Office 2003 XML
Review from Bill Coan
Alternative review from Cindy Meister
- by Evan Lenz, Mary McRae, Simon St. Laurent
- Published by O’Reilly http://www.oreilly.com/
- ISBN: 0596005385 567 pp.
- Published June 2004 Price: $US39.95
Office 2003 XML is an ambitious book with much to recommend it, but readers who are new to XML or to Office will find it hard to follow. Indeed, the authors themselves state in their introduction, “If you have never used Microsoft Office or XML before, you may want to consider exploring those technologies in greater depth before reading this book.”
The book includes 60 pages of introductory material in a series of appendices, freeing the main text to deal with deeper subjects right from the beginning. The appendices are well conceived and carefully composed. Most readers will want at least to skim through them prior to wading into the main text.
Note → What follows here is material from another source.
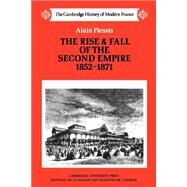 The Rise and Fall of the Second Empire, 1852-1871 by Alain Plessis , Translated by Jonathan Mandelbaum, 9780521358569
In addition to basic XML concepts, the appendices discuss Extensible Stylesheet Language Transforms (for sorting, selecting, and formatting XML data), and XML Schema Definitions (for limiting the types of content considered valid in a given XML document). Document Type Definitions (DTDs) are also discussed but will be of interest mostly to readers concerned with legacy XML documents, since Office 2003 doesn’t support DTDs.
The book devotes four chapters to Word while devoting only two chapters to Excel and one chapter each to Access and InfoPath. A separate chapter discusses using web services in Excel, Access, and Word. This allocation seems appropriate given the level and complexity of XML support found in each application.
The first two chapters on Word don’t discuss the Word application program. Rather, they discuss WordprocessingML, the special XML vocabulary that Word uses when saving XML documents. The emphasis in these chapters is on creating WordprocessingML files and extracting data from them using external applications.
In order to get maximum value from the chapters on WordprocessingML, it helps to know how Word documents are structured. After all, it doesn’t do much good to learn how a document section is represented in WordprocessingML if you don’t know what a document section is in the first place. On the other hand, readers already familiar with Word’s document object model will find in the book tantalizing clues to Word’s inner workings when the authors discuss the detailed WordprocessingML representation of certain document structures, such as lists and list styles.
The final two chapters on Word show how the Word application program can be used to work with XML data files. One chapter discusses creation of a basic XML-enabled document template. The other discusses creation of a SmartDocument, which is to say, an XML-enabled document with a custom taskpane for interacting with the document.
For readers who want to know how to harness the power of XML in Word, these two chapters contain a wealth of information.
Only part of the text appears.